----- DATA FOR REVIEW -----

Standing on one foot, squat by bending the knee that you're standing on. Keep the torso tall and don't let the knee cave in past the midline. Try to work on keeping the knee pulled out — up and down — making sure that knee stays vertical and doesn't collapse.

-----
----- DATA FOR REVIEW -----

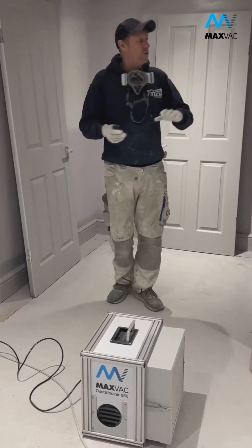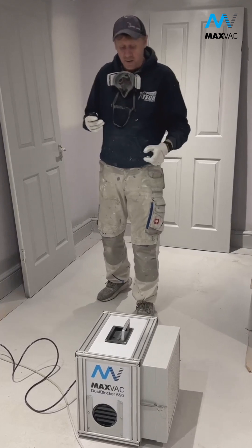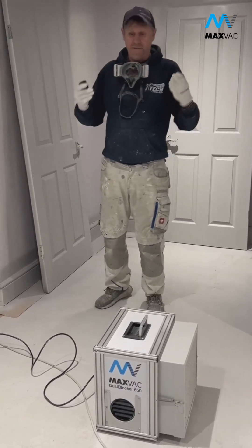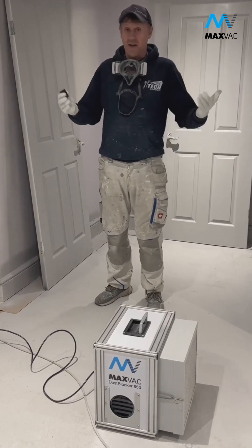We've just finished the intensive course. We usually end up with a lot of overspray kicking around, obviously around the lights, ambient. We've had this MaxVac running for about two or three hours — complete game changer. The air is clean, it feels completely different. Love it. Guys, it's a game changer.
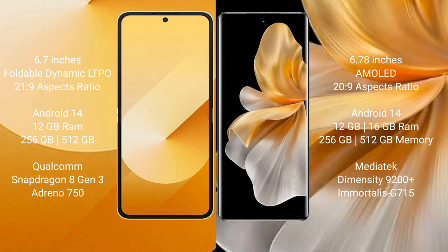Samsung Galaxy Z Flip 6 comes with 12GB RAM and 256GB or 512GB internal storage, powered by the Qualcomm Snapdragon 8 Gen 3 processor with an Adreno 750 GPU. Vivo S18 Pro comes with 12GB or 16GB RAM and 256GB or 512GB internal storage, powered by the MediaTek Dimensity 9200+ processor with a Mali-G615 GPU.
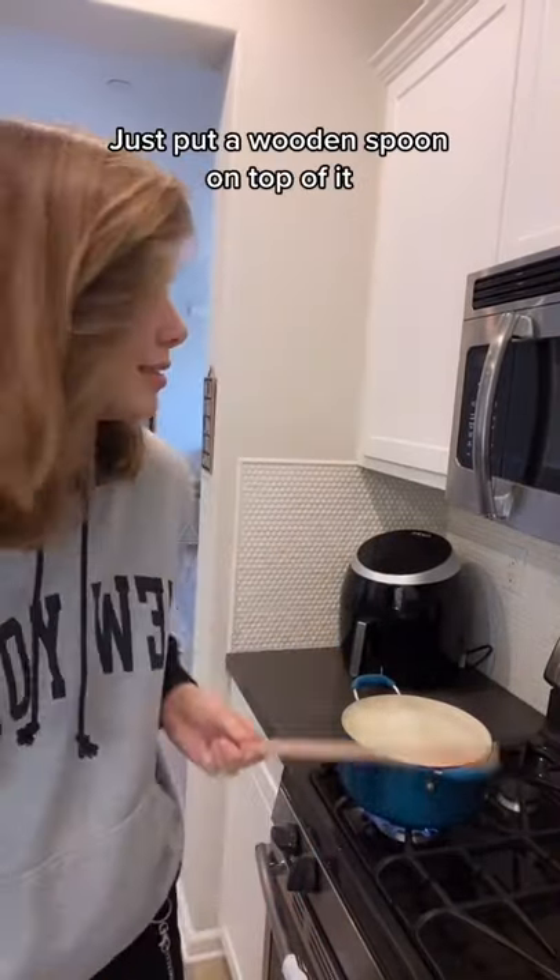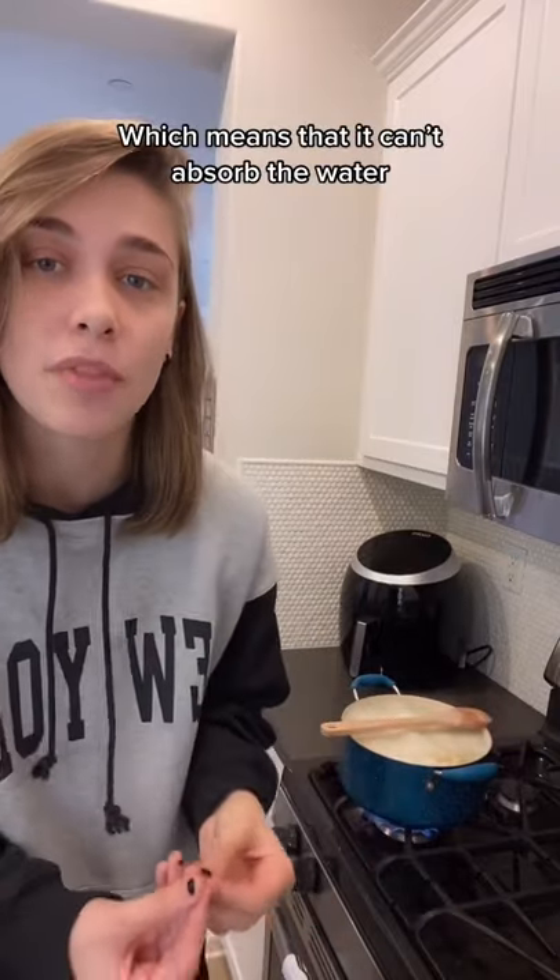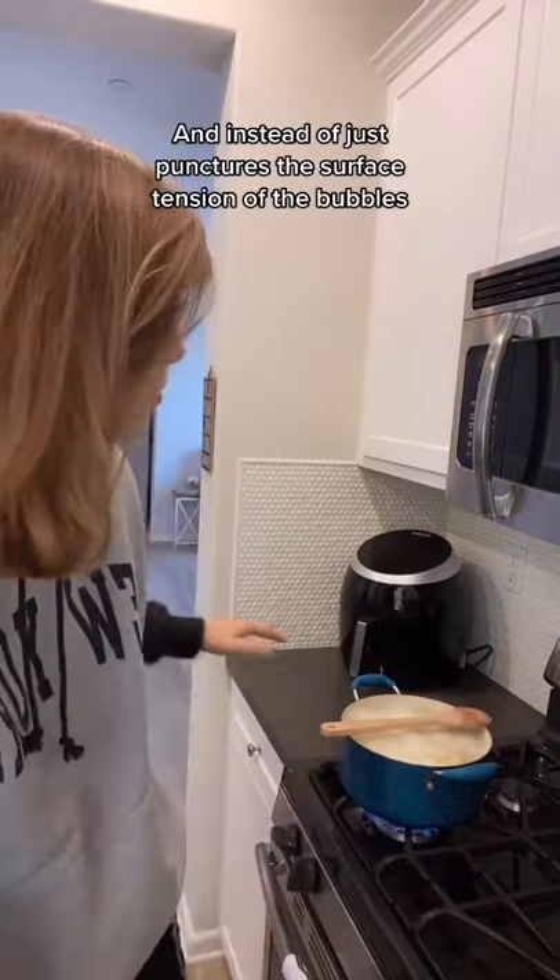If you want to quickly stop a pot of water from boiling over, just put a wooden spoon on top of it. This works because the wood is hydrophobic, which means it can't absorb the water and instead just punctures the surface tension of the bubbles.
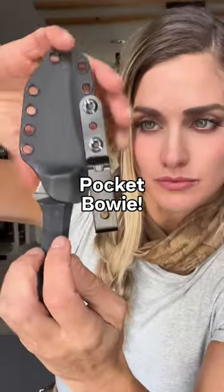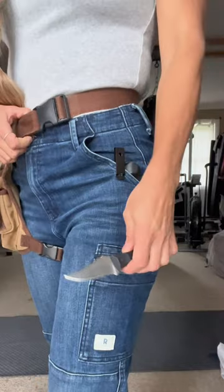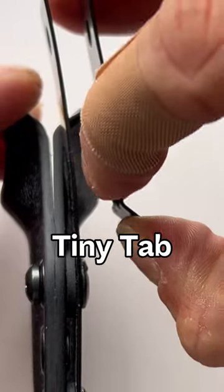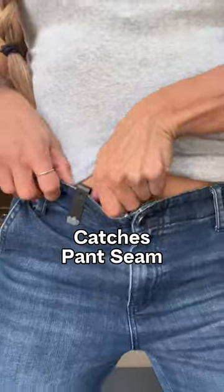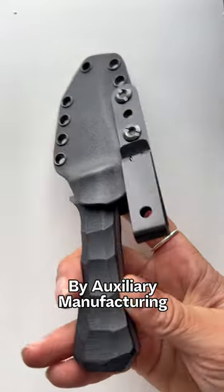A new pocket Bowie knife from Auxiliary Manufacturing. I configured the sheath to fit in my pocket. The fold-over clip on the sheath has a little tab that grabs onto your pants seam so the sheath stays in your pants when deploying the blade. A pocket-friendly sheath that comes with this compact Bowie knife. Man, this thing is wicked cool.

-----
----- DATA FOR REVIEW -----

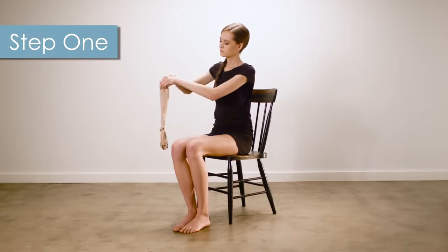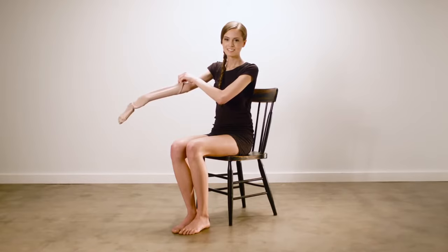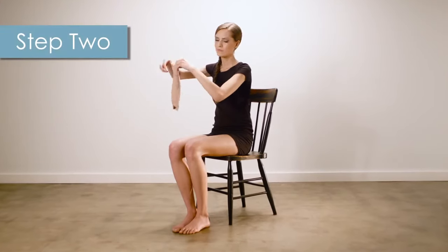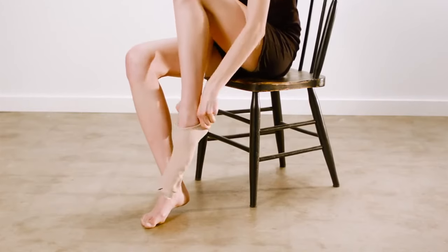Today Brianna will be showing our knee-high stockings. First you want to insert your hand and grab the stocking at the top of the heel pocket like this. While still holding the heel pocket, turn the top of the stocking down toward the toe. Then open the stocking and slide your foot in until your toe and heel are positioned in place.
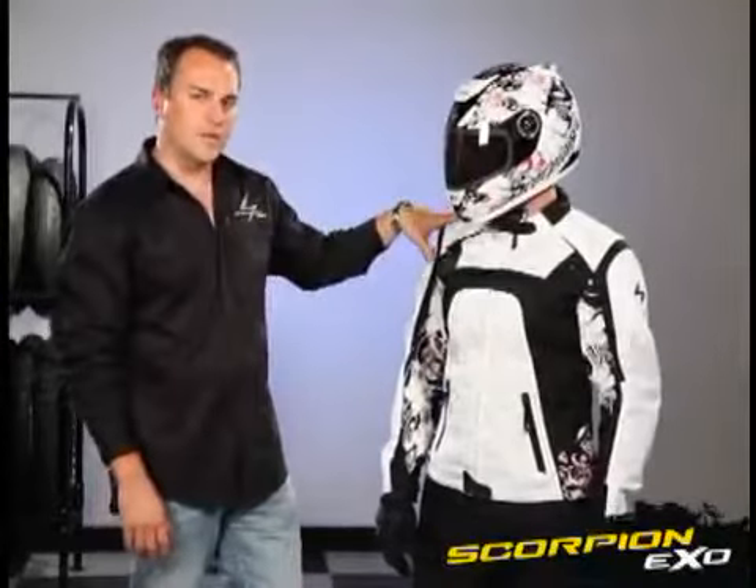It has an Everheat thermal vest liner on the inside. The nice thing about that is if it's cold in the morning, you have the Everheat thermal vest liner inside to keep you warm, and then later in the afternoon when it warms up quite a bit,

-----

◆ INSTRUCTIONS TO FOLLOW ◆
Output exactly those lines of the data above that run from the line with "If you want" up to and including the line with "A new pocket". No pictures go in.

◆ YOUR SOLUTION ◆
If you want to quickly stop a pot of water from boiling over, just put a wooden spoon on top of it. This works because the wood is hydrophobic, which means it can't absorb the water and instead just punctures the surface tension of the bubbles.
A new pocket Bowie knife from Auxiliary Manufacturing. I configured the sheath to fit in my pocket. The fold-over clip on the sheath has a little tab that grabs onto your pants seam so the sheath stays in your pants when deploying the blade. A pocket-friendly sheath that comes with this compact Bowie knife. Man, this thing is wicked cool.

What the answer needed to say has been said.